- _Your instructions_:
Once you find the line with "Lladro Figure - #04961" in the data that follows, repeat it and every line after it exactly, through the line with "BÁN NHÀ ĐẸP".

[Material shown]

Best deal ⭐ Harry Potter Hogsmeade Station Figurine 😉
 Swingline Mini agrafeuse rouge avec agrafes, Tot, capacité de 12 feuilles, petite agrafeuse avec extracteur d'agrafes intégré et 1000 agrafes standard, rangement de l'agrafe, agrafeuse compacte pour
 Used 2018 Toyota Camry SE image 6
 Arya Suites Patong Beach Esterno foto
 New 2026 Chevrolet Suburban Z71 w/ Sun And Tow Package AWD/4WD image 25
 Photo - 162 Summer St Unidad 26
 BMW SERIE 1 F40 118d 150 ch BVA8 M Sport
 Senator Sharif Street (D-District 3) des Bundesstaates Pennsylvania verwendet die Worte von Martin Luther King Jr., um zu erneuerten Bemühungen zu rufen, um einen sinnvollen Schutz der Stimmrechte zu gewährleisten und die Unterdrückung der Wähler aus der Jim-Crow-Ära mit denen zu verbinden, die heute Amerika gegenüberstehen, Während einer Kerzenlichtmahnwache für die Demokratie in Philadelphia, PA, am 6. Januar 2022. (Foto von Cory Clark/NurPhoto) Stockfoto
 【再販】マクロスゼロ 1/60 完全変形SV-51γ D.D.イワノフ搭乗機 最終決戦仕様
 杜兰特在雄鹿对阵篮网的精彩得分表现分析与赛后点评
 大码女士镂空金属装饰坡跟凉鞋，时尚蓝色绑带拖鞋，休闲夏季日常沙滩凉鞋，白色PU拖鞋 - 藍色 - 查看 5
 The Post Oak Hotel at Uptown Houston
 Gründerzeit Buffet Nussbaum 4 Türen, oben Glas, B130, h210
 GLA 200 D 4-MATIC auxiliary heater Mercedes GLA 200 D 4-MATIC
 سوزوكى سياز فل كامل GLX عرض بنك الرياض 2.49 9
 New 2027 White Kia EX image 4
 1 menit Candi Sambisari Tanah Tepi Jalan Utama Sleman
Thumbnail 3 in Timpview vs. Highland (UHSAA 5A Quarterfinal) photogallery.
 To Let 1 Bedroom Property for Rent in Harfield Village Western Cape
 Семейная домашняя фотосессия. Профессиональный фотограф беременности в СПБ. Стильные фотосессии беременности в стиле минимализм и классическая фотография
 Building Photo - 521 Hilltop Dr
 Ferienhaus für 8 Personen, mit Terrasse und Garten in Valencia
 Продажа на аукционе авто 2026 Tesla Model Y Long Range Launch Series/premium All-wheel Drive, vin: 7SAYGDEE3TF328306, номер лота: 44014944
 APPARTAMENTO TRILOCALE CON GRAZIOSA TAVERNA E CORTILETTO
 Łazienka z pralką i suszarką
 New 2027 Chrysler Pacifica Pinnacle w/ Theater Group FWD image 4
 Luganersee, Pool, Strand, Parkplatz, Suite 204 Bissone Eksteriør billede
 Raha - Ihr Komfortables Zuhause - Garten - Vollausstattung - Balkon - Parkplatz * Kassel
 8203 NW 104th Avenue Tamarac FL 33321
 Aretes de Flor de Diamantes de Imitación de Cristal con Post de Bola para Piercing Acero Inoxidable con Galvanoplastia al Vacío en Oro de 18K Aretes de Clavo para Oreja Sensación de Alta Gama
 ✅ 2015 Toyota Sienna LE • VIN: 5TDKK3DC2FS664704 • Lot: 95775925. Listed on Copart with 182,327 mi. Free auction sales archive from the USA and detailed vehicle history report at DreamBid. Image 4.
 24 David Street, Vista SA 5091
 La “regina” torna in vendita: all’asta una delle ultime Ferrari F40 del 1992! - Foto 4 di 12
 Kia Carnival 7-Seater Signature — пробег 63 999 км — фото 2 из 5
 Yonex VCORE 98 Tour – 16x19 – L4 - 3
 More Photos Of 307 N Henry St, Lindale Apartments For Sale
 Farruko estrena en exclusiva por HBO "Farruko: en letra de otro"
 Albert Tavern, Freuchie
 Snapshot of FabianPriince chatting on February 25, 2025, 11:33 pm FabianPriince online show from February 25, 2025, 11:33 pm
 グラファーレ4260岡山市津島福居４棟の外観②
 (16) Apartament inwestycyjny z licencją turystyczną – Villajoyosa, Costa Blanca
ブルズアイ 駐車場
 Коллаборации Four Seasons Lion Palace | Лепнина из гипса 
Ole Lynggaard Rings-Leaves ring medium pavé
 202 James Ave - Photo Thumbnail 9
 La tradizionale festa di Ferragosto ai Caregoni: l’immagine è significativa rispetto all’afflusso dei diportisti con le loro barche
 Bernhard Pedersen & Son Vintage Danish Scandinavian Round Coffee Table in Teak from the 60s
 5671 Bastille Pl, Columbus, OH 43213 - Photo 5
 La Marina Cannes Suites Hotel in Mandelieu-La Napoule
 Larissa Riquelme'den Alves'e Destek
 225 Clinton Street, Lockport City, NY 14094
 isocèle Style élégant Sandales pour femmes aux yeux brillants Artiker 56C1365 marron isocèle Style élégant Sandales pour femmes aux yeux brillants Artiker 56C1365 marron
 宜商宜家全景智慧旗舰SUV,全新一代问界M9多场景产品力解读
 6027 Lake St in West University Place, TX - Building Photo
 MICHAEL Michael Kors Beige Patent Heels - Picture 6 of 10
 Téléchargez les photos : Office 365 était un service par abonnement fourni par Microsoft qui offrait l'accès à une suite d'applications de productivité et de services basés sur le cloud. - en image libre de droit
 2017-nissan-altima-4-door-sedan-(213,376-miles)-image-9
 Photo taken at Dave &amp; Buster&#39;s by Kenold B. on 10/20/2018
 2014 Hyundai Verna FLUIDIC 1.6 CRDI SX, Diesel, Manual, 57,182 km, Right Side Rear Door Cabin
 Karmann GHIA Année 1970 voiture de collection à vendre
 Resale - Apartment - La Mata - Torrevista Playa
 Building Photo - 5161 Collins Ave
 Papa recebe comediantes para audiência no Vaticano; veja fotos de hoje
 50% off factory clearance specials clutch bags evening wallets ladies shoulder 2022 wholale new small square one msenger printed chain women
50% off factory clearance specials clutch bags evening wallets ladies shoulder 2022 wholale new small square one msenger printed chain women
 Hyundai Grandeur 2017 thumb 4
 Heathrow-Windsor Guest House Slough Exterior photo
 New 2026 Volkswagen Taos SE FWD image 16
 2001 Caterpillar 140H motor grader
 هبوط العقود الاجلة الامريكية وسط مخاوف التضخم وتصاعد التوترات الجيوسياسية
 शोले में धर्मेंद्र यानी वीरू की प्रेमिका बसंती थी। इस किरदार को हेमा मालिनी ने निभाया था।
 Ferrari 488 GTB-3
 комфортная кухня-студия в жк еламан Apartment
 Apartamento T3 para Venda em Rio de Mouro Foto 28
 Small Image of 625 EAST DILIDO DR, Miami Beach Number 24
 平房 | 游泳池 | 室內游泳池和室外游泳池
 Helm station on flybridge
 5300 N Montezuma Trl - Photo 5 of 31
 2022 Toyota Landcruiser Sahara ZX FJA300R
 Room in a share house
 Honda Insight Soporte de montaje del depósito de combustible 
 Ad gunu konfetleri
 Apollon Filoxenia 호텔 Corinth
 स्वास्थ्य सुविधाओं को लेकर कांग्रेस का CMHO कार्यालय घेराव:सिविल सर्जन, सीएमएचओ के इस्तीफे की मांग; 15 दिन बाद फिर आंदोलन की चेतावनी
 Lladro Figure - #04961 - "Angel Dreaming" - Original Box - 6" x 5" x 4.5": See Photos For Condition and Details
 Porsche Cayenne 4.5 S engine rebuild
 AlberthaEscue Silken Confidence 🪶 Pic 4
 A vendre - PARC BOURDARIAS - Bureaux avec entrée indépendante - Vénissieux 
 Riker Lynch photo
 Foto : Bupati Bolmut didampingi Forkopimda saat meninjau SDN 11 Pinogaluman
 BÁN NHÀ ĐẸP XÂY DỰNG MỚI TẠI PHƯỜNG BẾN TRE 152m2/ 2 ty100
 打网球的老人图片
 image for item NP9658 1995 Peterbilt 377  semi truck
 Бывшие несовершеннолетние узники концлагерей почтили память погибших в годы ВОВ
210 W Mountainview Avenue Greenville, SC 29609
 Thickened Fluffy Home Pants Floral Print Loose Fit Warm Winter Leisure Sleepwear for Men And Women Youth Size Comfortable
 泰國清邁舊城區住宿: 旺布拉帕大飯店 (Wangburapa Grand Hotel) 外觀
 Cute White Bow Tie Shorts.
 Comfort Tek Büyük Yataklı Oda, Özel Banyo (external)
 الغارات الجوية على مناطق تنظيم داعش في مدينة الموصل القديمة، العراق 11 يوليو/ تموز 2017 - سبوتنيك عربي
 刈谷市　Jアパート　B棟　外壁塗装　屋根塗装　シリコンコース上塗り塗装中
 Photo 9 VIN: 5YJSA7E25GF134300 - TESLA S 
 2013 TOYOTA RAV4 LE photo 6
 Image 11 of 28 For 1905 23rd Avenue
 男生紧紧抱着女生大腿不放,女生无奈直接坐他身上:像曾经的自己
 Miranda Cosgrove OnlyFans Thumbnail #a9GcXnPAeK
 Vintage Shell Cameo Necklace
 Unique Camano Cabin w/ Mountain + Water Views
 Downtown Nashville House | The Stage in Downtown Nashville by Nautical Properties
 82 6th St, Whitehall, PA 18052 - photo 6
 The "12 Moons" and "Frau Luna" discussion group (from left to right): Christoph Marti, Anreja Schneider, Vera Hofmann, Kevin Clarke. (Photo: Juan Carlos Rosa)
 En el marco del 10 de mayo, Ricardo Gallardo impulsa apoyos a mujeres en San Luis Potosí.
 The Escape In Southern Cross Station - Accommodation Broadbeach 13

[/Material shown]

- _Written response_:
 Lladro Figure - #04961 - "Angel Dreaming" - Original Box - 6" x 5" x 4.5": See Photos For Condition and Details
 Porsche Cayenne 4.5 S engine rebuild
 AlberthaEscue Silken Confidence 🪶 Pic 4
 A vendre - PARC BOURDARIAS - Bureaux avec entrée indépendante - Vénissieux 
 Riker Lynch photo
 Foto : Bupati Bolmut didampingi Forkopimda saat meninjau SDN 11 Pinogaluman
 BÁN NHÀ ĐẸP XÂY DỰNG MỚI TẠI PHƯỜNG BẾN TRE 152m2/ 2 ty100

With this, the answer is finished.